プリムはその仮説を冷静に受け取る。なんだかんだと言ってもリーフの実力や頭の良さを認めているのだ。
「正論ね。今のあたしに否定できる要素はないわ。まだ興奮状態でよくわからないけれど、魔力を奪われている感覚はある」
床に描かれた陣を見て、プリムは苦笑する。
(急激な変化がないのはこの魔法陣の効果かしら……?)
「なら、魂集めをしてくれるのか?」
リーフの瞳に希望の光がともる。
「その前に、あたしの質問に答えて」
強い意志の感じられる瞳でプリムはリーフを見つめる。
「答えられることなら」
真面目な様子でリーフは返事をする。
「魂がばらばらになるなんて、普通の実験をやっていたわけじゃないことは明白。あなた、ここで何をしていたの?」
ごまかしがないか、射るような目でリーフの様子を窺う。
「悪い、それは覚えていないんだ。疑うならこの状況を利用して探ってくれても構わない。ただ、ひょっとしたら魂を集める過程で思い出せるんじゃないかと考えているんだが」
プリムは疑っているが、リーフが嘘をついているようには全く感じられない。人形としてしまった今、確かにリーフが言うような感覚を共有する方法で探ることは可能かもしれない。だとしても、リーフを人形だと割り切って探るなどプリムはしたくなかった。彼女は諦めて次の質問に移る。
「じゃあもう一つ。砕け散ったほかの魂を見つけるのは大変だわ。どこにあるのかもわからないのよ? 何か当てはあるの?」
「当てというより、これもまた仮説で悪いんだが」
プリムはじっと耳を傾ける。今は彼の言うことを聞くしかない。自分では判断できないのだ。たとえリーフを信用できなくても、冷静な思考ができない現状では彼の発言が重要になってくる。
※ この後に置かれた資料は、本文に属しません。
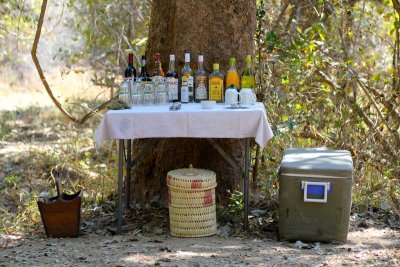 Our bush camp drinks table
「どこかにとは言ったが、何の縁のないところに魂が行くとは正直思えない。そう考えると俺が生み出した魔導人形に魂が付着することは大いにあり得るんじゃないかな」
「ちょっと待って。あなたさらりと言ってのけたけど、自分がどれだけの人形を作ってきたのかわかっているの? 資格を取ってから三年は経つでしょ? 中堅どころの職人じゃない」
作ってきた魔導人形の中から魂が付着しているだろうものを探し当てる作業は途方もない。またそのすべてに魂が付着している可能性だってあるだろう。それらを見つけるのはどう考えても困難だ。とてもではないが当てがあると言う状態ともいえまい。
「そこも心配ない」
プリムの不安をよそに、リーフはきっぱりと言い切る。
「どういうこと?」
「お前、どうやってこの場所にたどり着いたんだ?」
「それは逃げ出したディルを追って……って、まさか」
はっとして、プリムは空中をパタパタと飛び回っているディルに視線を移す。
「やっぱりな。でないとお前がこんな日にここに来るわけがない」
「じゃあ……」
「これもま、仮定なんだけどな。ディルは俺の魂の在り処がわかるんじゃないかなと。そうであれば、ディルを使って探してみるのがいいだろう」
ディルはリーフがプリムのために作った魔導人形だ。そのディルがリーフの魂の在り処を感知できても変ではないとプリムは思う。しかし一度にいろいろなことを言われても処理しきれないで戸惑うばかりだ。
「そう簡単に言われても……」
プリムが困惑しているのに気付いたリーフは彼女を優しく抱き寄せる。
「無理しなくて良い、ミストレス。俺はお前に従うよ」
不安な気持ちでいっぱいになり、責任と重圧に負けそうになっていると判断したリーフは、できるだけ優しい声で語りかける。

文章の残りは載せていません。